If $f\big(\frac{1}{2}(x+y)\big)\le \frac{1}{2}\big(f(x)+f(y)\big)$, then $$ f\Big(\frac{3}{4}x+\frac{1}{4}y\Big)=f\Big(\frac{1}{2}\Big(\frac{1}{2}(x+y)+x\Big)\Big)\le \frac{1}{2}\Big(f\Big(\frac{1}{2}(x+y)\Big)+f(x)\Big)\le \frac{3}{4}f(x)+\frac{1}{4}f(y). $$ Suitably repeating this argument, one could prove that whenever $m\in\{0,1,2,3,\ldots,2^n\}$, then $$ f\left(\frac{m}{2^n}x+\Big(1-\frac{m}{2^n}\Big)y\right)\le \frac{m}{2^n}f(x) +\Big(1-\frac{m}{2^n}\Big)f(y), \tag{1} $$ This can be done inductively on $n$.

Next observe that any $\lambda\in [0,1]$ can be approximated by rationals of the form $m/2^n$. In fact, $$ q_k=\frac{\lfloor2^k\lambda\rfloor}{2^k}\to\lambda,\quad\text{as $k\to\infty$.} $$ But $(1)$ implies that $$ f\big(q_kx+(1-q_k)y\big)\le q_kf(x)+(1-q_k)f(y), $$ and letting $k\to\infty$ and using the continuity of $f$ at $\lambda x+(1-\lambda)y$ we obtain that $$ f\big(\lambda x+(1-\lambda)y\big)\le \lambda f(x)+(1-\lambda)f(y). $$

Solution 2:

Here's a very analysis flavored proof:

Choose some $x$, $y$, and $\varepsilon>0$. Define $$C_f(\alpha)=\alpha f(x)+(1-\alpha)f(y)-f(\alpha x+(1-\alpha)y)$$ to be a measure of how "convex" $f$ is in the interval $[x,y]$. It is always nonnegative if $f$ is convex. Notice that $C_f$ is continuous. Since the graph of $C_f$ is just a linear transformation of that of $f$, it means that, from the condition on $f$, we get: $$C_f\left(\frac{\alpha+\beta}2\right)\leq\frac{C_f(\alpha)+C_f(\beta)}2.$$ This could be shown algebraically from the definition of $C_f$, but that derivation really nothing to write home about and is tangential to the heart of the proof.

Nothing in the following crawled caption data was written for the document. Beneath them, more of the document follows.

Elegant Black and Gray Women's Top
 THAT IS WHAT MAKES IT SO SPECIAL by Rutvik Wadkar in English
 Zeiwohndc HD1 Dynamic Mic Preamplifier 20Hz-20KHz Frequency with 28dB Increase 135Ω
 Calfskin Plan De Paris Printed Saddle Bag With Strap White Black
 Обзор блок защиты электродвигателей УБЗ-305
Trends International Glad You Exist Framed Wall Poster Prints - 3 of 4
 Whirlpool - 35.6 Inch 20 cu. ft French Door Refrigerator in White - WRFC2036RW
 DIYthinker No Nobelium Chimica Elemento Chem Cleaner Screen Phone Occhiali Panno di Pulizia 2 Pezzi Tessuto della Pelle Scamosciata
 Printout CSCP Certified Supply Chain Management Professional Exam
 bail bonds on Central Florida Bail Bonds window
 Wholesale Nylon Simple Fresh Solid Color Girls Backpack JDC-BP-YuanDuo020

The interesting thing we can do with $C_f$ is to define the following set based on it: $$S_{\varepsilon}=\{\alpha\in[0,1]:C_f(\alpha)>-\varepsilon\}.$$ Notice that it clearly holds that, if $\alpha,\beta\in S_{\varepsilon}$ then $\frac{\alpha+\beta}2\in S_{\varepsilon}$, since the average of two values that are not less than $-\varepsilon$ will still be at least $-\varepsilon$. Furthermore, since $C_f(x)=C_f(y)=0$, by continuity, we have that there exists some $\delta$ such that the sets $[0,\delta)$ and $(1-\delta,1]$ are in $S_{\varepsilon}$. This implies that any value arising from the average of any average of values in those two intervals is in $S_{\varepsilon}$ - so any value in the interval $\left(\frac{1-\delta}2,\frac{1+\delta}2\right)$ is in $S_{\varepsilon}$.

More generally, notice that if we take the set of averages of two intervals $(\alpha,\alpha+\delta)$ and $(\beta-\delta,\beta)$ for $\alpha<\beta$ where both intervals are in $S_{\varepsilon}$, where one has an infimum $\alpha$ and the other a supremum $\beta$ we will get the interval $\left(\frac{\alpha+\beta-\delta}2,\frac{\alpha+\beta+\delta}2\right)$ - an interval of length $\delta$ which is perfectly centered between them. Either this interval will overlap with both (by symmetry) the original intervals, implying that the entire interval $(\alpha,\beta)$ is in $S_{\varepsilon}$, or this interval will be disjoint from the original intervals. If the new interval is disjoint from both, we can form the sets of its averages with $(\alpha,\alpha+\delta)$ or $(\beta-\delta,\beta)$, forming two new intervals of length $\delta$, which may overlap (which would again yield that all of $(\alpha,\beta)$ is covered) or may not, in which case we keep iterating, producing $4$ intervals, and so on. We are bound to eventually stop iterating, since only finitely many disjoint intervals of length $\delta$ can be packed into $(\alpha,\beta)$, thus we will eventually conclude that all of $(\alpha,\beta)\subseteq S_{\varepsilon}$.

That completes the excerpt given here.